Layer Method Confidence Requires
1 — Regex Deterministic structural patterns 1.0 Nothing (always active)
2 — GLiNER Probabilistic NLP NER 0.85× model score pip install sovereign-vault[ner]
3 — Ollama Contextual LLM sweep 0.65 Local Ollama + pip install sovereign-vault[llm]

Layer 3 triggers only when GLiNER finds fewer than 3 entities — handles implicit identifiers and role references that regex and NER miss.

Regex catches: SSN, phone, email, IP address, credit card, passport, Michigan DL, court case numbers

GLiNER catches: person names, organizations, locations, addresses, DOB, financial accounts, government IDs, medical record numbers

Ollama catches: contextual identifiers — "the defendant", "Account #XYZ", implicit role-based references


Installation

# Core (regex only — no dependencies)
pip install sovereign-vault

# With NLP entity recognition
pip install sovereign-vault[ner]

# With local LLM sweep (requires Ollama running locally)
pip install sovereign-vault[llm]

# Everything
pip install sovereign-vault[all]

Usage

Basic round-trip

from sovereign_vault import VaultSession

raw = "Alice (alice@corp.com, SSN 123-45-6789) authorized the transfer."

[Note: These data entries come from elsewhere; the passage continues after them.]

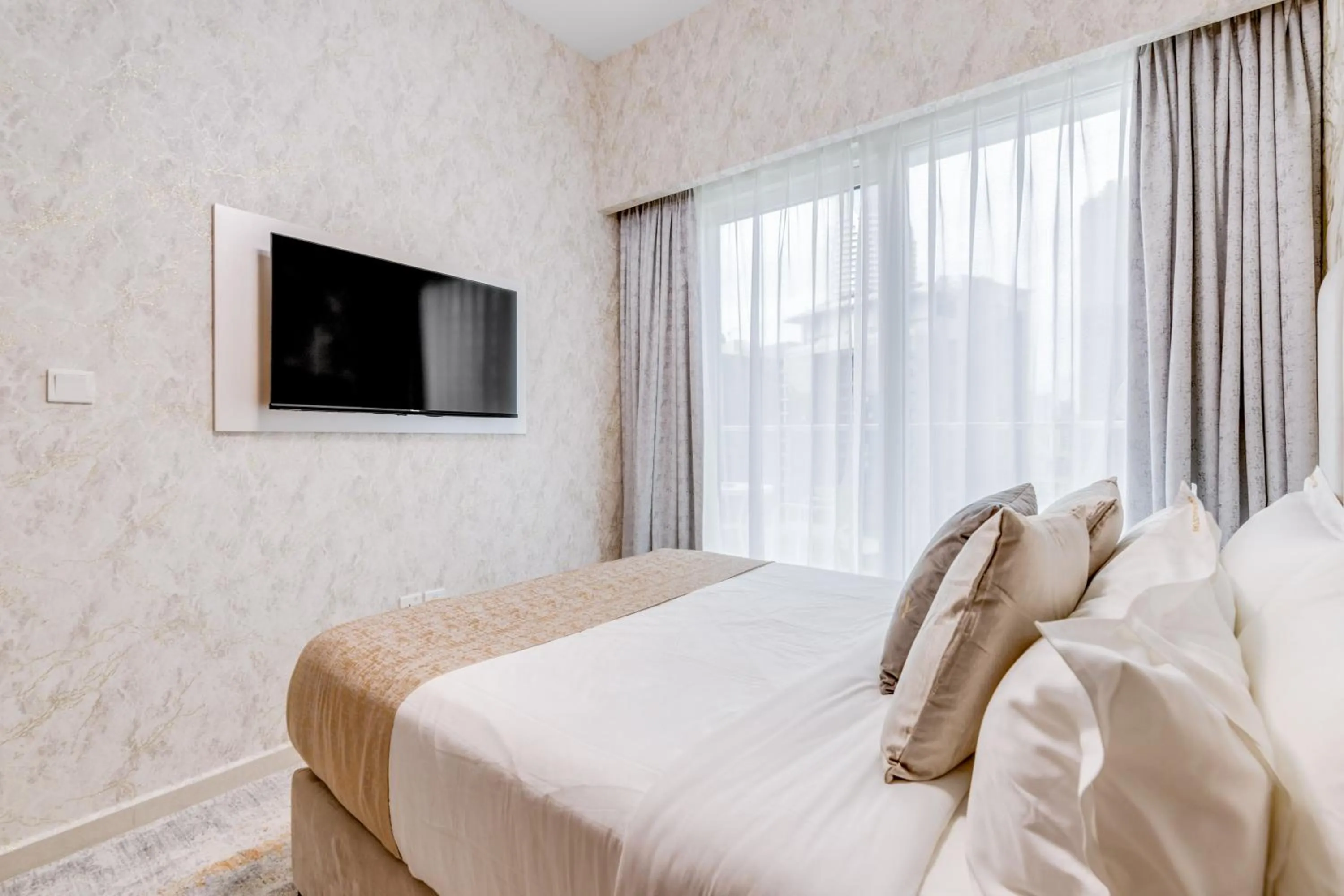 Bed in GLOBALSTAY. Luxury Apartments Near The Dubai Canal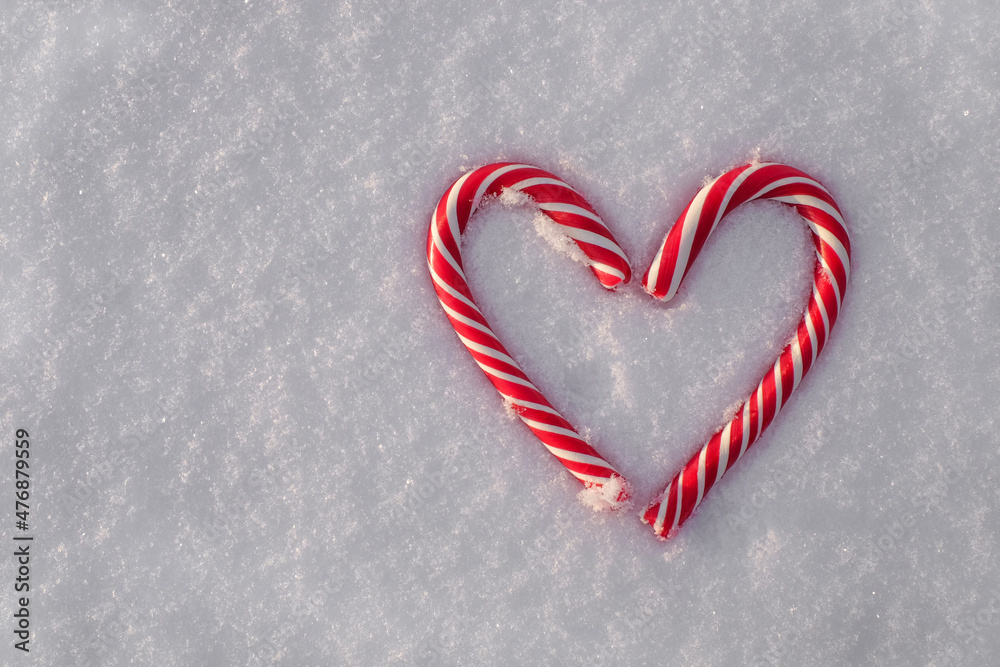 Christmas candy canes as heart on snow backround, copy space, top view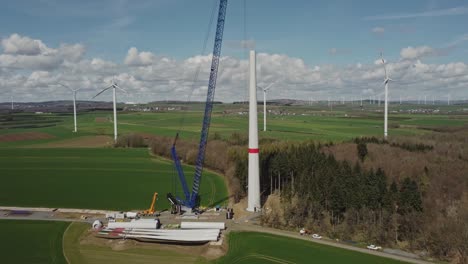 wind turbine blades and windmill parts in the construction site - aerial drone shot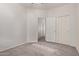 Bedroom featuring plush carpeting, fresh paint and closet doors, ready for personalization at 2834 N Paisley Ln, Casa Grande, AZ 85122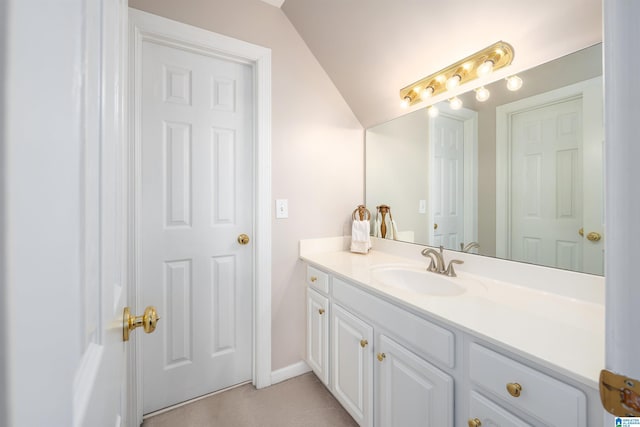 bathroom featuring vaulted ceiling and vanity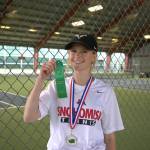 Snohomishs Mak Dauer poses with her medal and ribbon after winning the District 1 3A singles title on May 13 at Skagit Valley College in Mount Vernon. (Qasim Ali / The Herald)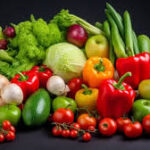 Assortment of fresh vegetables and fruits on a dark background, including peppers, tomatoes, cucumbers, lettuce, onions, cabbage, and broccoli.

with VaultSession(use_gliner=False, use_ollama=False) as vault:
    abstract = vault.tokenize(raw)
    # Send `abstract` to cloud AI
    cloud_response = call_your_cloud_ai(abstract)
    restored = vault.reconstruct(cloud_response)

LENIENT mode — cloud paraphrased some tokens

with VaultSession(recon_mode=ReconMode.LENIENT) as vault:
    abstract = vault.tokenize(raw)
    cloud_response = call_cloud(abstract)
    # Won't raise even if cloud dropped or paraphrased some tokens
    restored = vault.reconstruct(cloud_response)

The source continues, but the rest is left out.